Yeah that part was pretty straightforward. I just needed to set ixon for flow control and make a custom getty (I could not convince the real getty to have ixon or respect my terminal size but it’s very possible this was a skill issue).
If you're talking about MMJ, perhaps this'll help:
Even easier: https://www.stonewallcable.com/h8571-j-eq-dec-modular-adapter
This is what I used for my VT-420.
If by 6pin serial you mean the DECconnect MMJ connectors (6P6C RJ11 with an offset tab), I didn't think those were a thing until the VT320 or VT420. My VT220-Z has a regular boring DB25M on the back with a normal enough pinout, so no trouble hooking it up to a modern linux box. The smaller DE9M is for a printer, so can be ignored.

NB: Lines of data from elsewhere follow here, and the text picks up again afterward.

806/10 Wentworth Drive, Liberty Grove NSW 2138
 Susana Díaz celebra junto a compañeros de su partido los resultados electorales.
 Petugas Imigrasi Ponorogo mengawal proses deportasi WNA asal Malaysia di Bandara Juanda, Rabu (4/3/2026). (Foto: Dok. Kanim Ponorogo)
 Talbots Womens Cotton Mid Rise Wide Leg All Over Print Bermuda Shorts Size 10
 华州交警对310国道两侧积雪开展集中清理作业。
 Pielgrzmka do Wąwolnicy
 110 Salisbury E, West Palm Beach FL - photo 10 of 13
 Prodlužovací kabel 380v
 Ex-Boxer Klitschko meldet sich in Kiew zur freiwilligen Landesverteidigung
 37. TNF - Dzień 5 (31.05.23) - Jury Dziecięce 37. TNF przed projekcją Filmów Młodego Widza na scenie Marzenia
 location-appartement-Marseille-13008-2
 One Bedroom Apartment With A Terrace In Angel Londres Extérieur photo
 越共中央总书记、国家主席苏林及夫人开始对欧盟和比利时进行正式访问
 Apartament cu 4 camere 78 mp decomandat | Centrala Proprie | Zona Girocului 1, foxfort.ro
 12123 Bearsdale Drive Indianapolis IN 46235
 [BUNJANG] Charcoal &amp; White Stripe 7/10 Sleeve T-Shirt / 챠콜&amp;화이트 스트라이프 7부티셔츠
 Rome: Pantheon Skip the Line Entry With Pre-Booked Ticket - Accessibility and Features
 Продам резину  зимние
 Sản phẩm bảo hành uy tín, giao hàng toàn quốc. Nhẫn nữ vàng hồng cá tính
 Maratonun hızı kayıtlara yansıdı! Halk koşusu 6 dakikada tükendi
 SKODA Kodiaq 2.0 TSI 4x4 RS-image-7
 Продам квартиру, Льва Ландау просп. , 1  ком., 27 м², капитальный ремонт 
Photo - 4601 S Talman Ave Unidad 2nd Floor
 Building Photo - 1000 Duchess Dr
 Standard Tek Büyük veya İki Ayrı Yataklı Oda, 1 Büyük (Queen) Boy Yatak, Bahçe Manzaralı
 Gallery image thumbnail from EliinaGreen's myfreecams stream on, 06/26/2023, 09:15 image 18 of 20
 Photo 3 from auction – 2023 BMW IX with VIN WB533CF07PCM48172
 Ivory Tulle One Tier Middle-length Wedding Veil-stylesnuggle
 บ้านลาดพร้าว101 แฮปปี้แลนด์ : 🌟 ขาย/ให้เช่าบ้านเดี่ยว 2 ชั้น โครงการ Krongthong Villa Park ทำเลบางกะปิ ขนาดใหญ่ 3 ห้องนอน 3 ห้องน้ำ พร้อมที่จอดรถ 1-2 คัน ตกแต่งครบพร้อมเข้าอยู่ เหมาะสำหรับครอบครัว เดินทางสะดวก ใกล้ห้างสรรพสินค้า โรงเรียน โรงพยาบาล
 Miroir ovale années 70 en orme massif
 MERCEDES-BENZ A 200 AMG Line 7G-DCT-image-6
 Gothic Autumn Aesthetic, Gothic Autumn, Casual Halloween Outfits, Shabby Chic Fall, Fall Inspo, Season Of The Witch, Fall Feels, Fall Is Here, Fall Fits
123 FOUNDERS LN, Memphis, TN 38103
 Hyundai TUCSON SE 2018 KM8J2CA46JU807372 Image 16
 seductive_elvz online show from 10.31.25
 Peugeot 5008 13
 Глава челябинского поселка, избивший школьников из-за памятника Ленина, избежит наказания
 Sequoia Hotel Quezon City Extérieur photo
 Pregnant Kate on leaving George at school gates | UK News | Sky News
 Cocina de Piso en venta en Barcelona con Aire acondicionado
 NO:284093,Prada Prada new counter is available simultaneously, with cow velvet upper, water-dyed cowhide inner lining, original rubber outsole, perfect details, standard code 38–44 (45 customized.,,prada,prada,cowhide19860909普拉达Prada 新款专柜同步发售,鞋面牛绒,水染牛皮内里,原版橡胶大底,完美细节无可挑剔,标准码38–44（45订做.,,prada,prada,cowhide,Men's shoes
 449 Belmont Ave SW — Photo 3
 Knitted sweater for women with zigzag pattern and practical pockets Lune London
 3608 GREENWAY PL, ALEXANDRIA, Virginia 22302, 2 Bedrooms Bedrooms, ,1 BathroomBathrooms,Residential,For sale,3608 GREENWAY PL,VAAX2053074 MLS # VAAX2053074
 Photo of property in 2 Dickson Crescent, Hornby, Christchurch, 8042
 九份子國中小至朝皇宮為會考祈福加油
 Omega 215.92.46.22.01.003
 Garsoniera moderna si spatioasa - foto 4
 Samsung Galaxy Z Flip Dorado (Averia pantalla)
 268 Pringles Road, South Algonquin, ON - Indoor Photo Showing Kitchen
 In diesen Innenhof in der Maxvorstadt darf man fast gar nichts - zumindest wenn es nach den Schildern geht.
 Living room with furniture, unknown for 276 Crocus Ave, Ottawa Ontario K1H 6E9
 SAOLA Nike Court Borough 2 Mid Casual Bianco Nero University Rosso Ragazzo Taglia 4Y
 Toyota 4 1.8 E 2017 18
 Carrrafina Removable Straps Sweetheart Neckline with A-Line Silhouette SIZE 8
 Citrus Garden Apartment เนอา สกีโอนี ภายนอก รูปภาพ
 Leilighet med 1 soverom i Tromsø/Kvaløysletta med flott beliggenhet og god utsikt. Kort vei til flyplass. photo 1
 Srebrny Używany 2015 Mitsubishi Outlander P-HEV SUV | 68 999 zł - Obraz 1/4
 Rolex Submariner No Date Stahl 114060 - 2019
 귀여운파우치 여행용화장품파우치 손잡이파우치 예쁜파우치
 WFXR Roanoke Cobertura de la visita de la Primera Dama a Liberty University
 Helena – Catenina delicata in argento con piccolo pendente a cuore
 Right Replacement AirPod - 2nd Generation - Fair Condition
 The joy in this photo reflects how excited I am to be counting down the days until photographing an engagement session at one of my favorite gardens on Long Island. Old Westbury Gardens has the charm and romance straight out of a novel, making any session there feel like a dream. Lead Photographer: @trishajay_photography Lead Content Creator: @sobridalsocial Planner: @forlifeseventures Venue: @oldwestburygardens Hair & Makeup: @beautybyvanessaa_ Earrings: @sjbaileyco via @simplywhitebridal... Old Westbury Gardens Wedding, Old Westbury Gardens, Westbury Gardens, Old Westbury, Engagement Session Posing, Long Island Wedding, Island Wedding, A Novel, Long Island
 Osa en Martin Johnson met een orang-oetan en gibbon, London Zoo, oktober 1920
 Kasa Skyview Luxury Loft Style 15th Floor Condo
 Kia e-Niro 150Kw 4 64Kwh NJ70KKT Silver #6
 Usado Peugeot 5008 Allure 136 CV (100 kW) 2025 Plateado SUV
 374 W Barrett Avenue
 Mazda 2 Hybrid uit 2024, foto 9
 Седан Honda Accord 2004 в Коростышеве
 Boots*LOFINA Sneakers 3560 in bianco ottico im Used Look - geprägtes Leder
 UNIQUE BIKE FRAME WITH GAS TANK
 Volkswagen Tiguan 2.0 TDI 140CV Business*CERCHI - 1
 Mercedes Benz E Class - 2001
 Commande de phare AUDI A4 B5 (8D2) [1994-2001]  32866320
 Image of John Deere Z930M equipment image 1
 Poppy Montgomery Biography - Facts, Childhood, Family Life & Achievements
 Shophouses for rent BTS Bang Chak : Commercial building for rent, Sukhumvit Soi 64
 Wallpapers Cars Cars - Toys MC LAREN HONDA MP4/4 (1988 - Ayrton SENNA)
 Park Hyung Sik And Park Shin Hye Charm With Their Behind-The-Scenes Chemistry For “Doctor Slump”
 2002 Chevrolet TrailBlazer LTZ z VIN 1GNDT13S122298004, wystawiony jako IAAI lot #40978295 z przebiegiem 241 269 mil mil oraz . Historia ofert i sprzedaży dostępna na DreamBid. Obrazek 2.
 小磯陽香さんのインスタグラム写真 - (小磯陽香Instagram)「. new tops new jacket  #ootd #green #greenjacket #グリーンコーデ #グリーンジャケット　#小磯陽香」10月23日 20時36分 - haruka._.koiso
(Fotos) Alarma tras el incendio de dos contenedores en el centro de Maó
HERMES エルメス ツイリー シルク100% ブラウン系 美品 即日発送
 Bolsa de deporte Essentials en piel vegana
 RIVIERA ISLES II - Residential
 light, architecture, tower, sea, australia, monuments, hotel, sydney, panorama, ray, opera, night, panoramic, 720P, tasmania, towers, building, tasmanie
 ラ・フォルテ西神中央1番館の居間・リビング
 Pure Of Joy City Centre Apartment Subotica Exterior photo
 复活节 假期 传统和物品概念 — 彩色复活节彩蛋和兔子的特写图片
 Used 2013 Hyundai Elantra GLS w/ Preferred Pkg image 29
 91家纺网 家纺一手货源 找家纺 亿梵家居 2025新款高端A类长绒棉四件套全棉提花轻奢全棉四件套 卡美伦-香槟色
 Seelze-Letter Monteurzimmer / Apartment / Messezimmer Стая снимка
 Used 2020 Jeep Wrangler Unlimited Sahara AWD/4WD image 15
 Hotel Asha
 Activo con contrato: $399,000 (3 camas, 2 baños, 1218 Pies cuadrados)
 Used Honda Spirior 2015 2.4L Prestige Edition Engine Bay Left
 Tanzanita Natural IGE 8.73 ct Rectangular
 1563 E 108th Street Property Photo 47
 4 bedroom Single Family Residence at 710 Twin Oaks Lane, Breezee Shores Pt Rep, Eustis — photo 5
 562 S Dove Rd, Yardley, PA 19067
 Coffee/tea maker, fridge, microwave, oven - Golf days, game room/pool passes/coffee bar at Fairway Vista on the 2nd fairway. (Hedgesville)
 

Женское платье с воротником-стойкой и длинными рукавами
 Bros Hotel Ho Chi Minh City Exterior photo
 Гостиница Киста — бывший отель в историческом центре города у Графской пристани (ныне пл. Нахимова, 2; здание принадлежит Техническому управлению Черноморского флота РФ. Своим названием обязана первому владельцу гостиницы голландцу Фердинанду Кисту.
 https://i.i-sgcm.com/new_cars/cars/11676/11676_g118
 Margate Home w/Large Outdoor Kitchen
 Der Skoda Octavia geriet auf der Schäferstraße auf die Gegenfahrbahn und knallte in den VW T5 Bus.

Surreal to see a device from my childhood described and probed like it's a medieval artifact. Your descriptions are excellent, even down to the CRT whine (a notorious indicator of age-based hearing loss) and the mushy keyboard.
To find out, I bought a VT-100 and decided to use it as my main terminal.
This is burying the lede, IMO. It's easy enough to buy a VT-320 or later, perhaps reconditioned for you, if you have the money and don't want to/can't put in the time/effort to do it yourself. But VT-100s are pretty rare and precious, I thought.